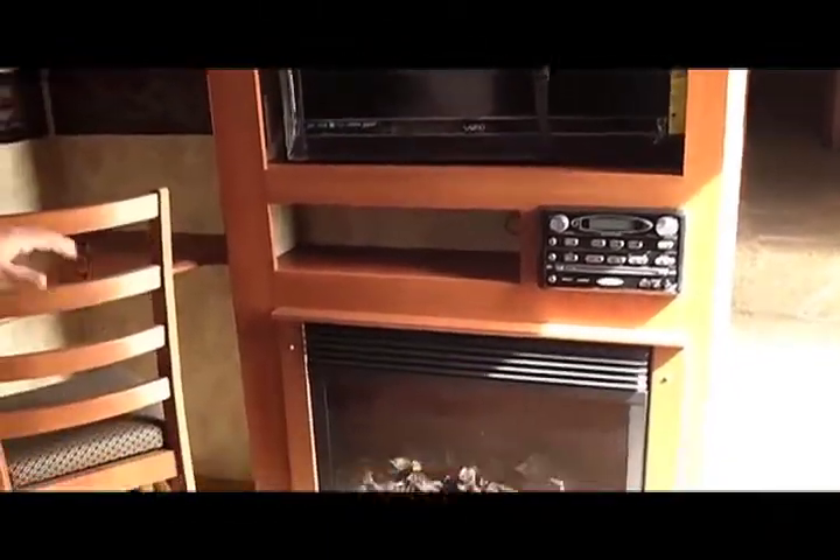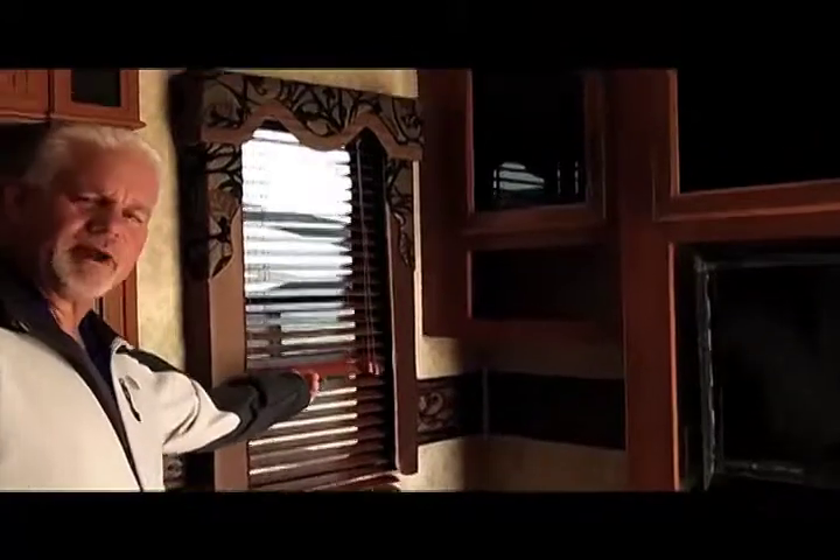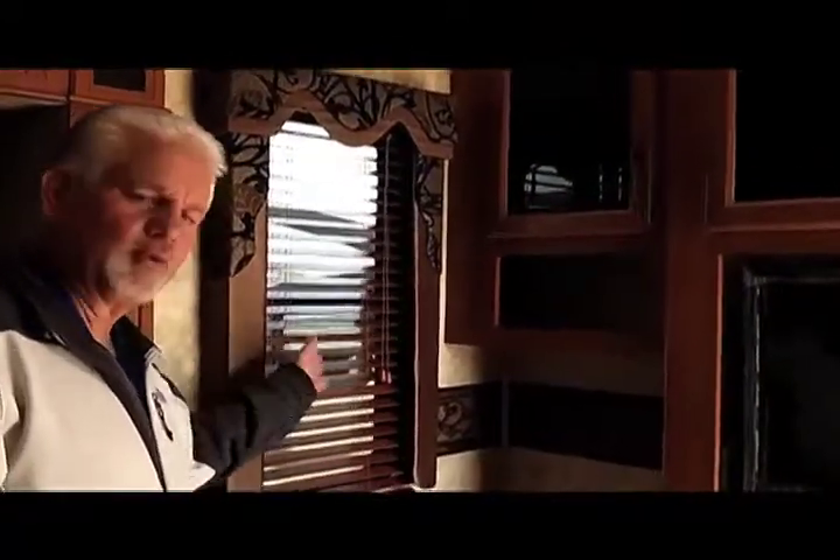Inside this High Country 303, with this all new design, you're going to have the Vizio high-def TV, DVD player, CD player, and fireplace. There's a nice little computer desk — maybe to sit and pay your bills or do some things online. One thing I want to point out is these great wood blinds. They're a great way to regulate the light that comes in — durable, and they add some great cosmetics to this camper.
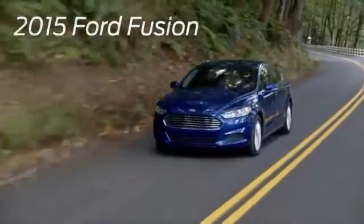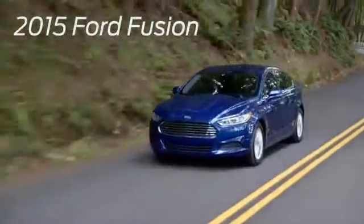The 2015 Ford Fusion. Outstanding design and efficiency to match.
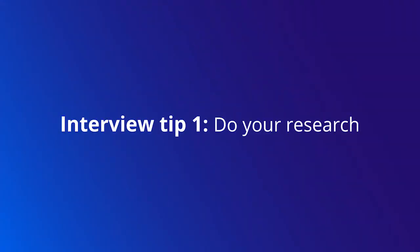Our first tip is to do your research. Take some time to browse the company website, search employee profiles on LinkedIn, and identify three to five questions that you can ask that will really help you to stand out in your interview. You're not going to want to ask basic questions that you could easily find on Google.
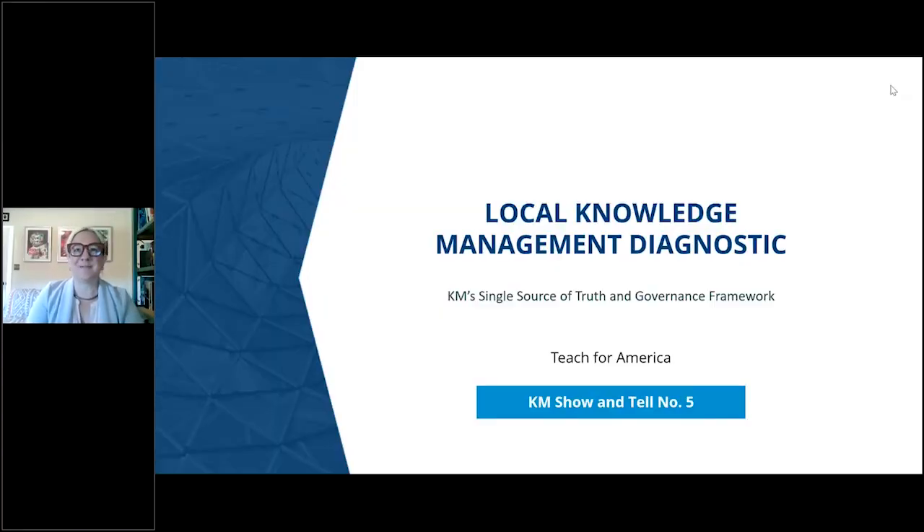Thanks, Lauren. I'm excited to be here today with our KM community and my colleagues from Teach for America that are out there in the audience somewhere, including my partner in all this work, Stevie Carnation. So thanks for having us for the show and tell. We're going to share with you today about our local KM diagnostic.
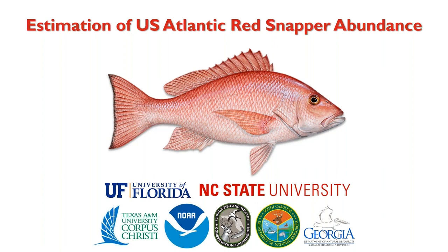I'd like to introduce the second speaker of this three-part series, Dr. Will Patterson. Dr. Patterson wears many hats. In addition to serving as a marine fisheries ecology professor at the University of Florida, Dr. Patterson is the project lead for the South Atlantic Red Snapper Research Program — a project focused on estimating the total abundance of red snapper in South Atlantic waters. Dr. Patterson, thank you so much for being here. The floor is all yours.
= = = = =
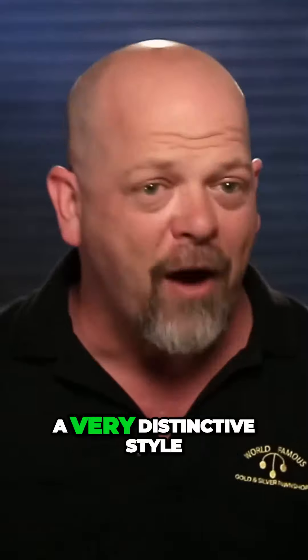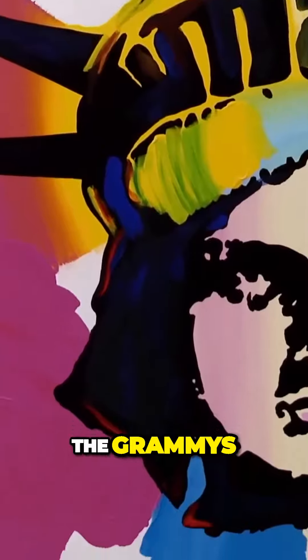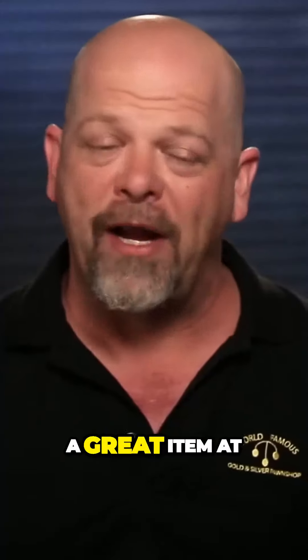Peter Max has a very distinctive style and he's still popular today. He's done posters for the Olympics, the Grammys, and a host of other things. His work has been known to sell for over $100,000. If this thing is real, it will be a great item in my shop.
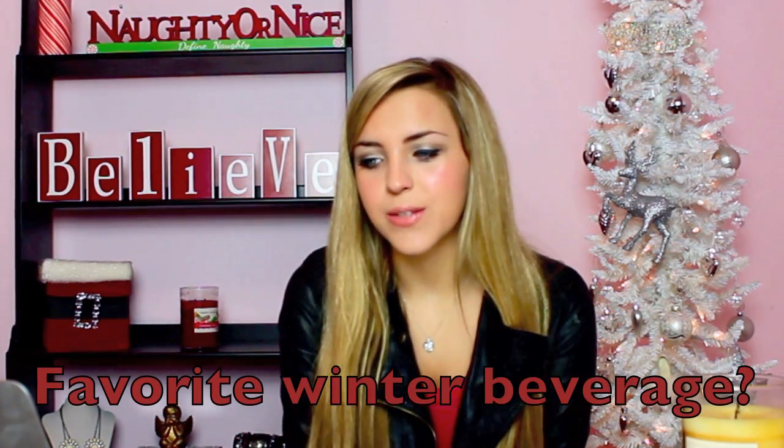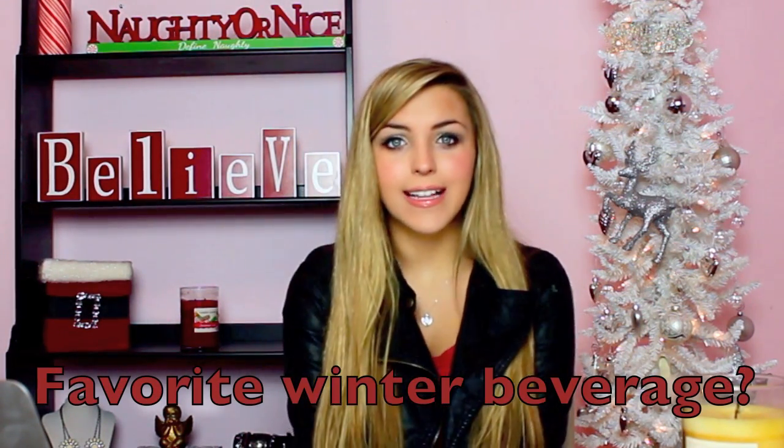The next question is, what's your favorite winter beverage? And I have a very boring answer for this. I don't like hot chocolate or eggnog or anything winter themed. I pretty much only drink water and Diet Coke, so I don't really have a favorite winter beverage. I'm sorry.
= = = = =
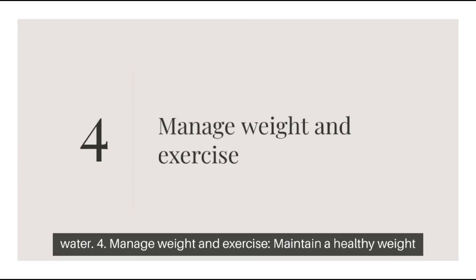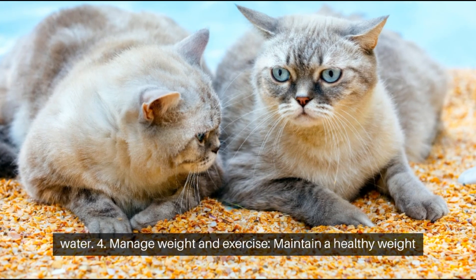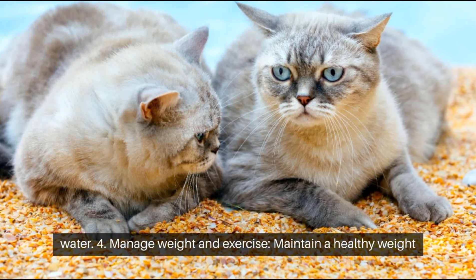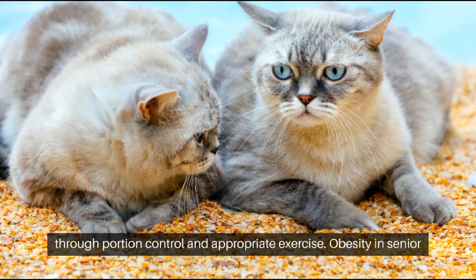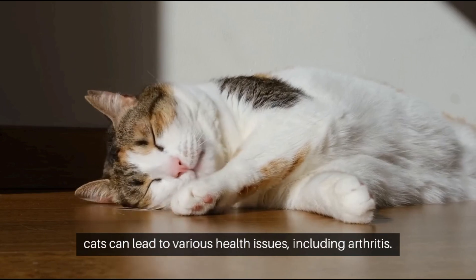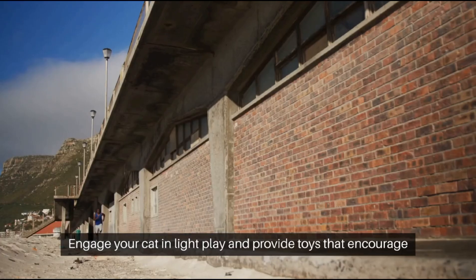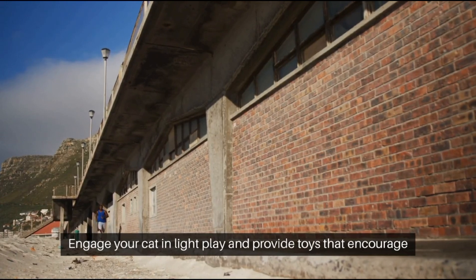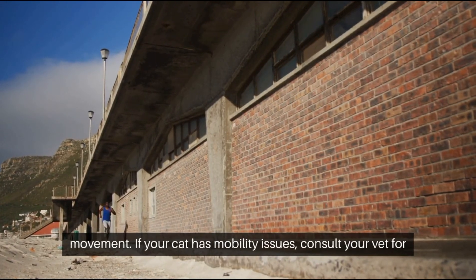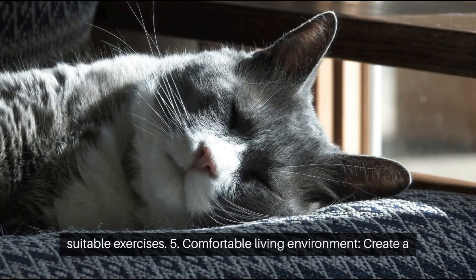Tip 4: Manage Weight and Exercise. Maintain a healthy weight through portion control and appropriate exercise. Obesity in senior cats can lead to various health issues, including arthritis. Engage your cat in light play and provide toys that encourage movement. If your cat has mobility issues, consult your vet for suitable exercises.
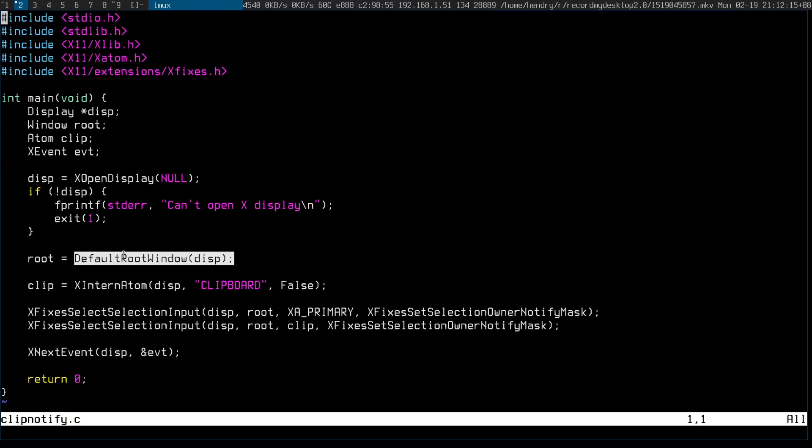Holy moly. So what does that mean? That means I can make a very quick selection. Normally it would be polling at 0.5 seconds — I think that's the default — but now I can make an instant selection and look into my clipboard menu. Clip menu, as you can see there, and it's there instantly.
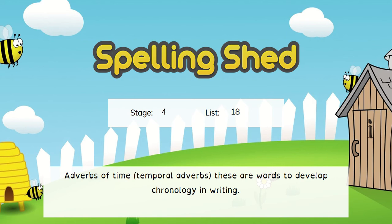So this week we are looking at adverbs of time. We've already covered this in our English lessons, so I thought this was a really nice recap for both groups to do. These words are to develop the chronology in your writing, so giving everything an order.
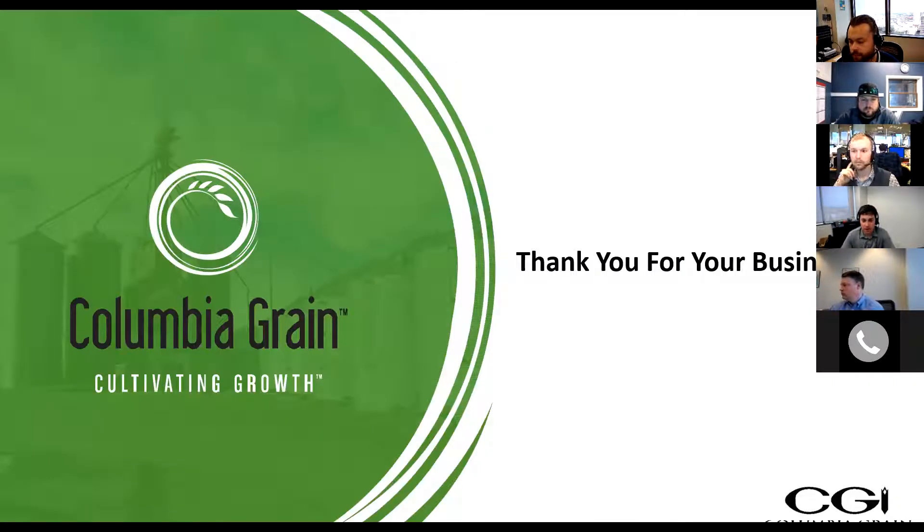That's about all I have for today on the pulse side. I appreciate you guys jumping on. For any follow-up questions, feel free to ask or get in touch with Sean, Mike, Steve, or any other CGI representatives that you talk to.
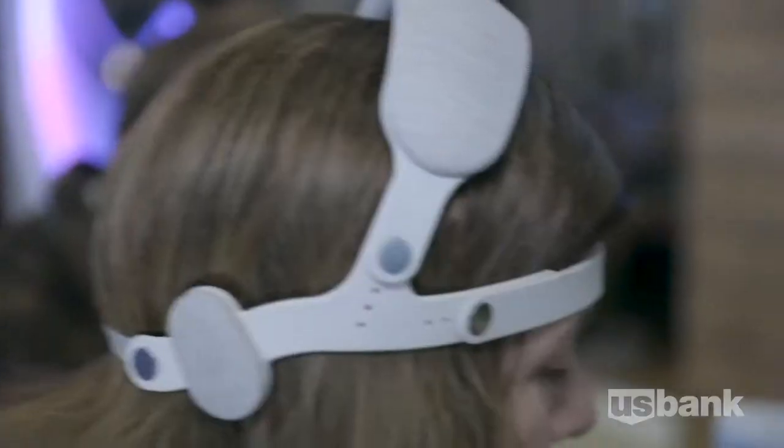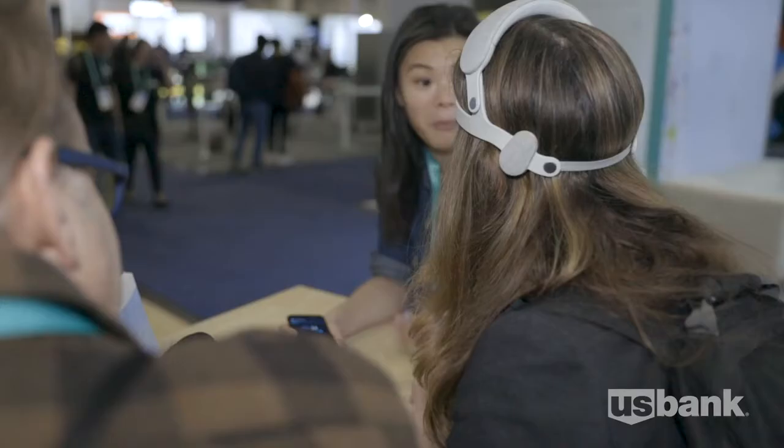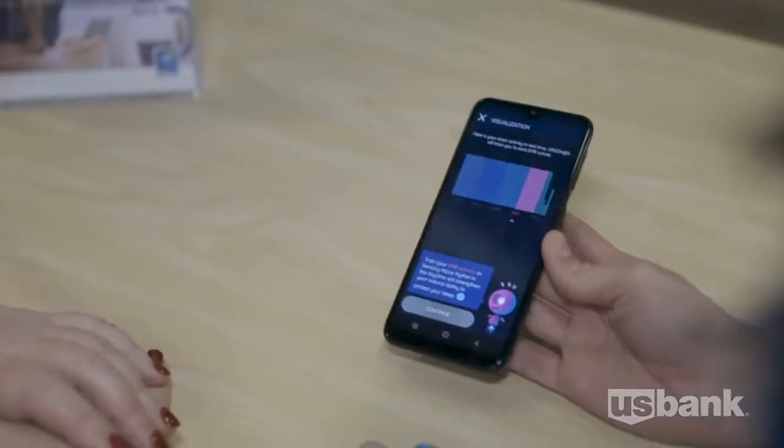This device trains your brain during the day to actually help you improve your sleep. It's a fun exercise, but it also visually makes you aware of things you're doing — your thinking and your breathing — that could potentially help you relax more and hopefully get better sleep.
= = = = =
### Task statement
Taking the entries above, extract every line from the one bearing "That's about all" through the one bearing "This device trains", exactly, with no pictures.

### Answer box
That's about all I have for today on the pulse side. I appreciate you guys jumping on. For any follow-up questions, feel free to ask or get in touch with Sean, Mike, Steve, or any other CGI representatives that you talk to.
This device trains your brain during the day to actually help you improve your sleep. It's a fun exercise, but it also visually makes you aware of things you're doing — your thinking and your breathing — that could potentially help you relax more and hopefully get better sleep.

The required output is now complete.